Abstract
BACKGROUND Despite recent attention given to medical errors, little is known about the kinds and importance of medical errors in primary care. The principal aims of this study were to develop patient-focused typologies of medical errors and harms in primary care settings and to discern which medical errors and harms seem to be the most important.
METHODS Thirty-eight in-depth anonymous interviews of adults from rural, suburban, and urban locales in Virginia and Ohio were conducted to solicit stories of preventable problems with primary health care that led to physical or psychological harm. Transcriptions were analyzed to identify, name, and organize the stories of errors and harms.

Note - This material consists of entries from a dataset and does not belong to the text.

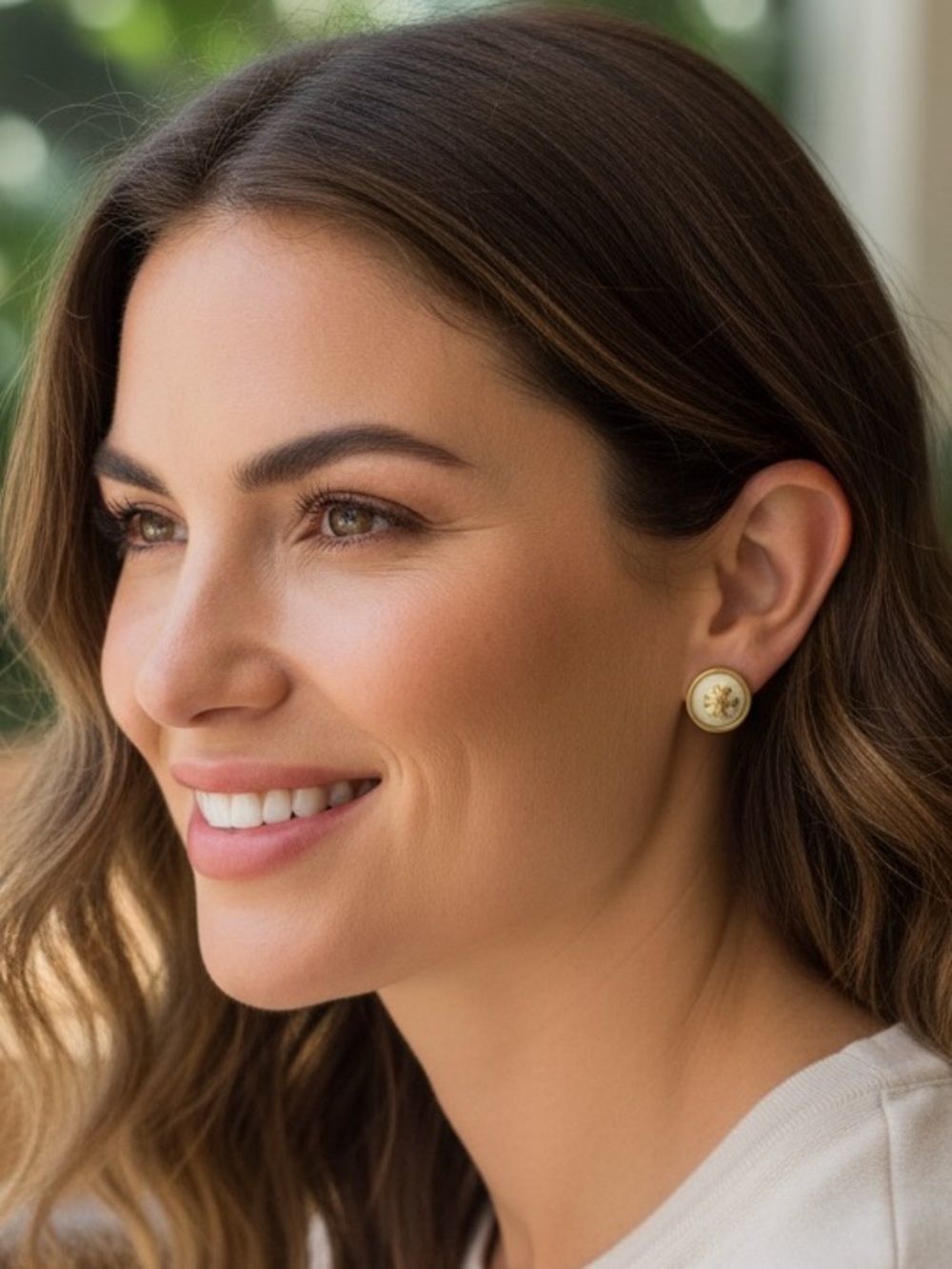 NWT Tory Burch Melodie Stud Earrings – Ivory & Gold Logo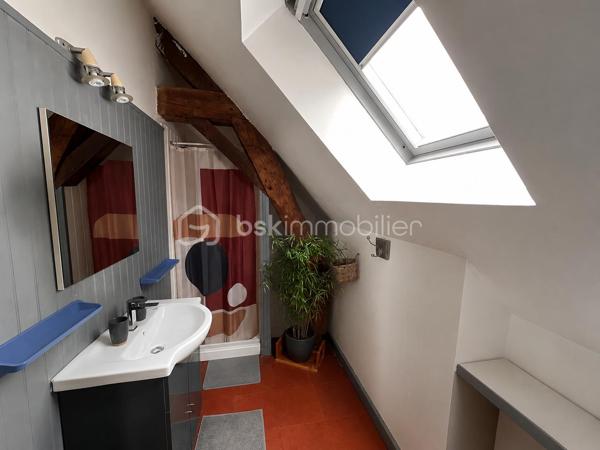 Dans un secteur très recherché de Saint-Denis-en-Val, venez découvrir cette maison atypique où le charme de la pierre et des poutres apparentes opère dès les premiers instants.
Édifiée sur une parcelle de 520 m², cette propriété pleine de caractère offre une atmosphère authentique et chaleureuse.
Au rez-de-chaussée, vous découvrirez une cuisine conviviale ouverte sur une agréable salle à manger, depuis laquelle vous accéderez à une magnifique cave voûtée, véritable atout de charme pour les amateurs d’authenticité.
Dans la continuité, vous trouverez un espace salon cocooning agrémenté d’un poêle à bois. Une mezzanine surplombe cet espace et pourra accueillir un bureau, un coin lecture ou un espace détente selon vos envies.
À l’étage, la maison dispose de trois chambres ainsi que de deux salles d’eau, dont une avec toilettes.
À l’extérieur, vous profiterez d’une terrasse sans vis-à-vis, d’un jardin intimiste et d’une piscine pour les beaux jours. Un stationnement extérieur, un carport ainsi que des dépendances viennent compléter ce bien rare sur le secteur.
Une maison coup de cœur, idéale pour les amoureux de l’ancien et des biens de caractère.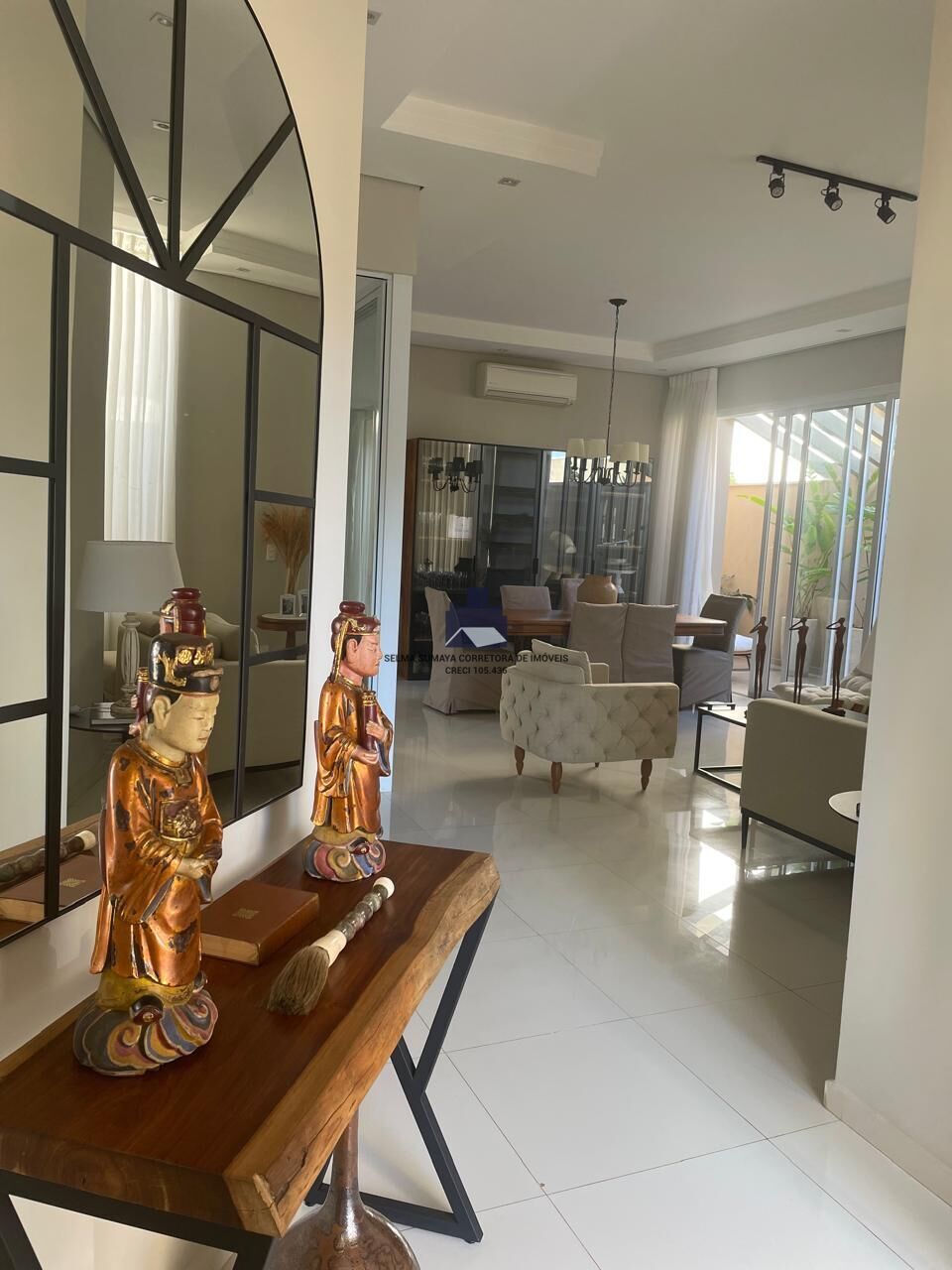 Casa de Condomínio com 3 quartos à venda, 240m² — foto 10 de 24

RESULTS The 38 narratives described 221 problematic incidents that predominantly involved breakdowns in the clinician-patient relationship (n = 82, 37%) and access to clinicians (n = 63, 29%). There were several reports of perceived racism. The incidents were linked to 170 reported harms, 70% of which were psychological, including anger, frustration, belittlement, and loss of relationship and trust in one’s clinician. Physical harms accounted for 23% of the total and included pain, bruising, worsening medical condition, and adverse drug reactions.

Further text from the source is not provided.